Interestingly, by far the largest area of complaints against AustralianSuper is account administration, with the number of complaints over death benefit payments much smaller.
To be fair to AustralianSuper, it recognised the problems some time ago, undertaking a $120m investment in service improvements, including bringing more of its operations in-house which, it says, “require high care and empathy”.
It set up an in-house bereavement centre in 2024 with 75 dedicated case managers who handle death claims from start to finish.
The fund argues that the spike in complaints has been largely due to an increase in deaths and significant problems with staffing during the Covid pandemic, creating backlogs in processing.
Other larger funds have taken a different approach to handling member administration and insurance claims.
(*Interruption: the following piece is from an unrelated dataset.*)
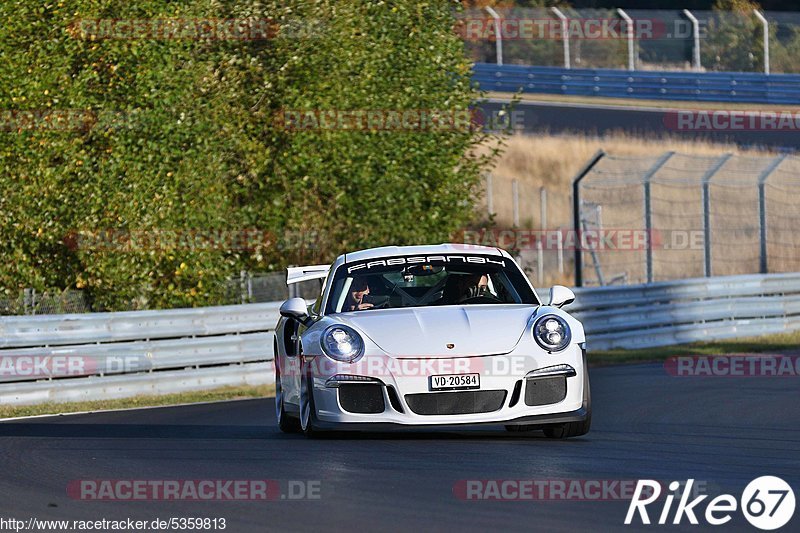 Bild #5359813 - Touristenfahrten Nürburgring Nordschleife 29.09.2018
ART has long handled its administration in-house, which is one of reasons for a lower level of complaints across the board.
Aware Super undertook a major program to bring its members into a new cloud-based system in a three-year process to bring its administration in house, ending a longstanding arrangement with Mercer.
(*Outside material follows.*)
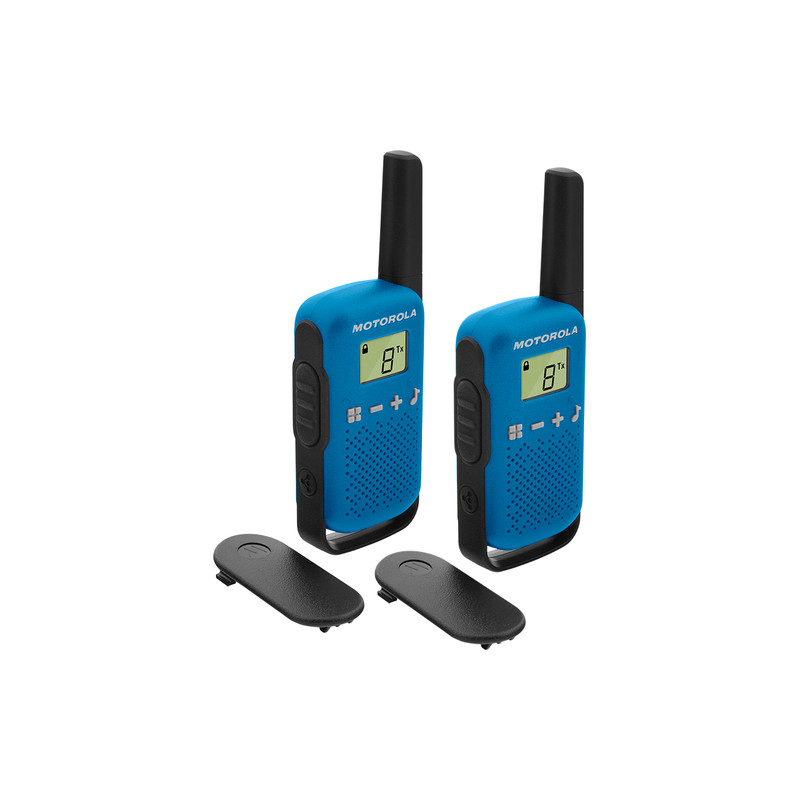ricetrasmittenti motorola talkabout t42 blu [188117]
ASIC’s move on AustralianSuper is the latest in a string of actions against super funds including fining Aware Super $20m for charging fees for no service, Westpac/BT $20m for incorrectly charging insurance commissions to members, Colonial First State $20m for misleading members, and action against construction industry fund Cbus last year for delays in handling death benefit claims.
In its most recent action AustralianSuper was fined $27m for failing to merge super accounts – the second-highest penalty for a super fund in the last five years.
Problems in the internal systems of super funds were highlighted by super industry think tank, The Conexus Institute, in a paper released in January.
It cited “underdeveloped operational infrastructure” as a major concern in its review.
“Failures in member servicing – as highlighted by regulators and media – stand as an indication that something is not quite right somewhere in the system,” the report says. “We suspect this may reflect issues with the systems, processing and staffing on the operational side, particularly in relation to member administration.
“The likely root cause is that super is transitioning quickly from something of a cottage industry into a major financial sector but is struggling with legacy systems and processes.”
It says “there is a need for both the authorities and super funds boards to get to the heart of the matter and identify required actions”.
Meanwhile APRA has also been moving to raise the standard of super fund trustees, arguing that the funds these days are so large they need a new generation of much more skilled trustees.
Some industry funds have boards of well meaning representatives from the employer and the union movement who lack direct expertise in financial management.
Recent announcements from APRA about proposed new governance standards for super funds, including raising minimum standards for directors, requiring consultation with APRA over potential appointments and setting a lifetime tenure of 10 years for non-executive directors, have raised the ire of the ACTU.
It has criticised APRA for “straying far beyond its purpose as a regulator”, with the proposals, seeking to “all but run” the funds.
It criticised the proposals as involving “an unprecedented character assessment of potential directors which is not present across other corporate director requirements”.
The super fund sector has been congratulating itself on its success for a long time, but the fact is that it is going to have to spend up to invest in member services.
This will accelerate pressure for more consolidation in the sector as well as increasing cost levels on what were once low cost industry funds.
Longo has the sector in his sights and there is a lot more pressure to come as he puts the focus on member service.